Cartago’s laid out in a grid. Like in San Jose, the streets which run from North to South were named, and those running from East to West are agendas. These are numbered making it easy to find your way around. The city center is compact making it an easy it to walk around. At its heart of the ‘Plaza Mayor’ or central square which has been the focal point of city life since Cartago’s founding. The two main Avenida run across the northern and southern edge of the plaza and from the main arteries of the city. When followed to the outskirts of Cartago, they are also the easiest routes out of the city to other parts of the country.
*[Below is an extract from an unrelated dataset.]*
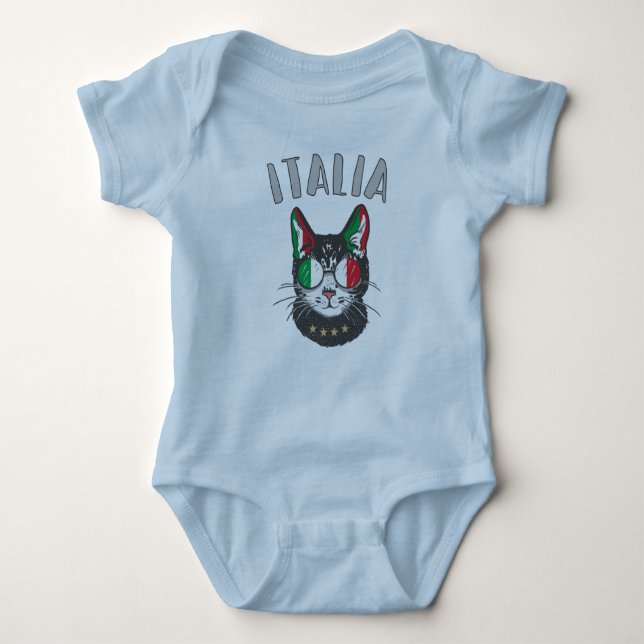 Italy Soccer Cat Mascot Italian Fan flag Baby Bodysuit (Front)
Despite its long and illustrious history, the succession of earthquakes which hit the city has conspired to destroy much of the city’s charm. The colonial buildings of Cartago were leveled by these disasters and what you see today is relatively modern. That doesn’t mean that it is an unattractive place, rebuilt into a well organized and functional city.
One building which has survived is the cathedral – or the ‘Basilica de Nuestra Señora de Los Angeles’ to give it its full title. This dates back to 1639, although rebuilt due to the damage done by several earthquakes. It is arguably the most important, and the most beautiful, church in Costa Rica, as well being the largest. Its architectural style is a mix of the traditional Spanish colonial and neo-Byzantine, creating a unique and instantly recognizable building. The exterior’s painted an understated shade of green, and its roofs a brilliant white. Inside, ornately decorated with wood paneling and lines of columns.
Once a year, the cathedral plays host to one of Central America’s biggest religious occasions. The 2nd of August is the feast day of the Virgin of the Angels. Over two million people make their way on foot from all over Costa Rica. They attend the day’s mass and to pay homage to the black statue of the Virgin Mary. Some people even crawl there to show their devotion, and if you are in the area, it is worth visiting to experience this demonstration of religious piety.
The other main attraction of the city is the central square. This is the heart of the city and is a great place to people watch. This is also home to the ruins of a church destroyed in the 1910 earthquake. Also, the ruins add atmosphere to the place and are an interesting monument to the power of nature. This is just another great part of Costa Rica’s cities.